Terrible thread. Only Sharingan can beat Sharingan. More specifically, an Uchiha must be using the Sharingan. Thor stands no chance.


----------



## Disaresta (Jun 8, 2012)

ony wankurs woud say thor wins. obviuosly sauske is to stong. he jus use is susano to seal thors sol


----------



## Lina Inverse (Jun 8, 2012)

This belongs to the Joke Battledome section


----------



## Disaresta (Jun 8, 2012)

Lina Inverse said:


> This belongs to the Joke Battledome section



yur jus mad cuz u hater


----------



## Lina Inverse (Jun 8, 2012)

or, you know, this is a joke thread

pick one


----------



## Angelos (Jun 8, 2012)

SpaceMook said:


> The Sauce is too spicy for Thor to handle.

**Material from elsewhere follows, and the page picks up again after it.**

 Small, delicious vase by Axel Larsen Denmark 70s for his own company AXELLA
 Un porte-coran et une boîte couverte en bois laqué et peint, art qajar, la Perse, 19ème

How spicy? You'd need alot of jalapenos to give an Asgardian an upset stomach.


----------



## Disaresta (Jun 8, 2012)

Lina Inverse said:


> or, you know, this is a joke thread
> 
> pick one



neither, op is a dupe


----------



## Lina Inverse (Jun 8, 2012)

of course he is


----------



## Adamant soul (Jun 8, 2012)

"You think you can beat me with that stupid looking hammer of yours, I'm an Uchiha, NO ONE CAN BE...."

Gets cut off when Mjolnir leaves Thor's hand and smashes him in the face thus ending the life of Sauce.

"Mjolnir doesn't appreciate being insulted mortal".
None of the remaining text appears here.